These 2 Medical Device Stocks Are the “Money Printers” of the Next Decade!
Fellow investors, don’t panic about the recent pullback in medical device stocks! 📉 ISRG and DXCM are down 13% and 12% over the past year, underperforming the market big time. Tariffs, more competition, product recalls—bad news keeps piling up. But smart investors know: short-term market sentiment always hides the true value of great companies. Look past the current fog, and these two firms have rock-solid fundamentals, even more attractive than ever. If you’re willing to think long-term—10 years out—these stocks could be the steady money printers in your portfolio.
Over the past year, shares of medical device leaders Intuitive Surgical (ISRG) and DexCom (DXCM) have fallen 13% and 12% respectively, significantly underperforming the broader market. Tariff impacts, intensifying competition, product recalls… bad news seems to keep coming. But savvy investors understand that short-term market sentiment often masks the true value of high-quality enterprises. Beyond the current haze, the fundamentals of these two companies remain solid—even more attractive than ever before.
If you’re willing to look ahead to the next decade, these two stocks are highly likely to become a steady stream of “money printers” in your investment portfolio.
$Intuitive Surgical(ISRG)$: The Absolute King of Surgical Robots—Short-Term Headwinds Are Nothing to Fear
As the hegemon in the field of robot-assisted surgery, Intuitive Surgical did face troubles in 2025. On one hand, tariff policies eroded profits; on the other hand, Medtronic’s Hugo system received U.S. approval for urological surgeries, triggering market concerns about market share loss.
However, these challenges will not shake the company’s long-term foundation. First, global population aging is an irreversible mega-trend. By 2034, the number of people aged 65 and above in the U.S. will exceed those under 18 for the first time—meaning demand for minimally invasive surgery will grow exponentially, and Intuitive Surgical’s da Vinci system is the biggest beneficiary of this trend.
Second, the company has a wide and deep moat. The da Vinci system is expensive, and once a hospital purchases it and trains doctors to use it, the switching costs are extremely high. More importantly, Intuitive Surgical never stops innovating—iterations of its next-generation systems and continuous expansion of indications keep the company one step ahead of its competitors. Even with the entry of rivals like Medtronic, they can only grab a share of the incremental market, not shake Intuitive Surgical’s existing market share.
As for the tariff issue, with the company’s global installed base of over 11,106 units, its pricing power is strong enough to offset cost impacts through small price increases. As surgical volumes continue to rise, the growth engine for revenue and profits is far from stalling.

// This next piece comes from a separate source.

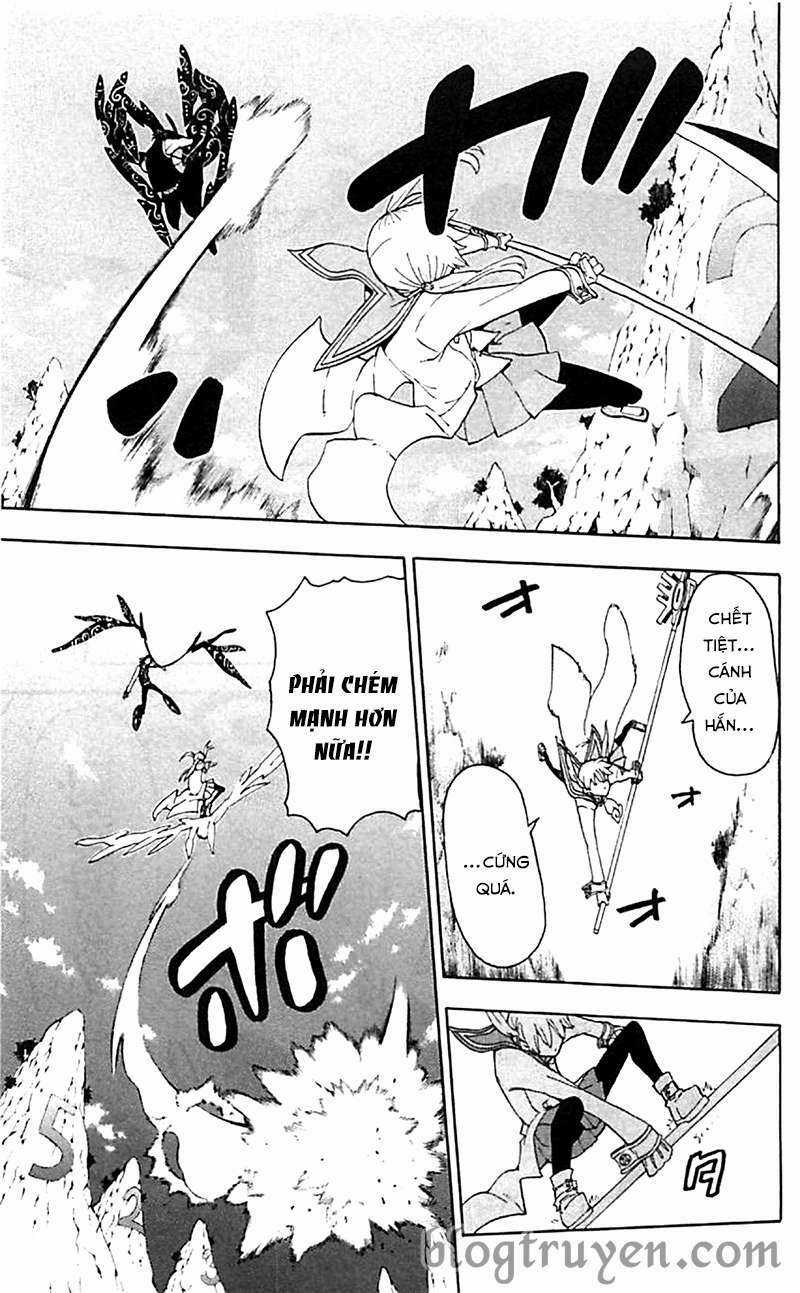 Soul Eater - Chapter 65 - Trang 10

$DexCom(DXCM)$: The Leader in Continuous Glucose Monitoring—Huge Room for Penetration Growth
DexCom’s story is equally compelling. Last year, the company recalled some CGM receivers due to malfunctions, but this only affected a tiny number of patients and had minimal impact on the overall business. What’s truly worth watching is the huge growth opportunity behind the company. In the CGM market, DexCom and Abbott are regarded as the two giants, but penetration remains very low. In the U.S. alone, more than 9 million insured diabetes patients have not yet used CGM, while DexCom’s global total user base is only about 3.5 million—the gap between these two numbers is an untapped goldmine.
Even more exciting is that DexCom is expanding into non-diabetic populations. Its over-the-counter product Stelo, approved in 2024, has attracted more than 500,000 users since its launch. Over 40% of U.S. adults are in pre-diabetes—a nearly unlimited market. In the future, with product iterations, international market expansion, and expanded indications, DexCom’s growth ceiling will continue to rise.
Conclusion
Short-term volatility is a product of Mr. Market’s mood, not a true reflection of a company’s value. The current slump of Intuitive Surgical and DexCom has precisely provided a rare buying window for long-term investors. Over the next decade, multiple drivers—aging demand, technological innovation, and rising market penetration—will push these two medical device leaders to continuously generate cash flow. Don’t be fooled by the recent drop; they are the real “money printers” worth holding for 10 years.